Als Anna Bolika treten Sie vor allem auf Fetischevents im In- und europäischen Ausland auf. Wie ist die Atmosphäre auf diesen Veranstaltungen?

Vor allem geprägt von Akzeptanz und gegenseitigem Respekt. Alles passiert einvernehmlich. Jeder lebt sein authentischstes Ich aus, dazu gibt es gute Musik und viel zu sehen. Im Kern sind diese Fetischevents für mich ein Vorbild: Wenn wir uns so benehmen würden wie die Menschen dort, hätten wir weniger Probleme und mehr Spaß im Leben.

Ihr Amt als Miss*ter CSD macht Sie nun einem größeren Publikum bekannt.
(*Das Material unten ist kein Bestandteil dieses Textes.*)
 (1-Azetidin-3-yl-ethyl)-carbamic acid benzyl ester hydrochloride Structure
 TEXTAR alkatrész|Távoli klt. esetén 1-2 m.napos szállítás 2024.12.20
Mit welcher Botschaft treten Sie während der CSD-Saison auf? Die Ehe ist ja nun für alle geöffnet worden.

Allem voran kämpfe ich für und mit Quarteera e. V. für mehr Akzeptanz von LSBTTIQ im russischsprachigen Kulturraum. HIV-Aufklärung und -Prävention sind immer noch ein ak­tuel­les Thema, ebenso Suchtprobleme innerhalb der Community. Im Großen und Ganzen setze ich mich für mehr Für- und Miteinander unter den Menschen ein, vor allem aber in unserer Community.

Bei welchen Terminen kann man Sie erleben?

Zum Beispiel beim CSD, beim Benefiz-Sommerfest von Mann-O-Meter und auf der Gala der Berliner Aids-Hilfe.

Der diesjährige CSD ist ein besonderer, weil er in einem Wahljahr stattfindet, das Motto lautet „Mehr von uns – jede Stimme gegen Rechts“. Als wie gefährlich beurteilen Sie die rechten Strömungen in der deutschen Gesellschaft?

Studien besagen, dass zehn Prozent einer jeden Bevölkerung zumindest latent völkisch denkt – dagegen kann man wohl nichts machen. Den aktuellen Rechtsruck deute ich als Symp­tom einer generellen Unzufriedenheit mit der Politik, mit prekären Arbeitsverhältnissen, dem maroden Bildungssystem, einer unsicheren Rente. Politiker und Bürger sollten anfangen, zusammenzuarbeiten und nach Lösungen für die vielen ernsten Probleme unserer Zeit zu suchen, statt mit dem Finger auf vermeintliche Sündenböcke zu zeigen.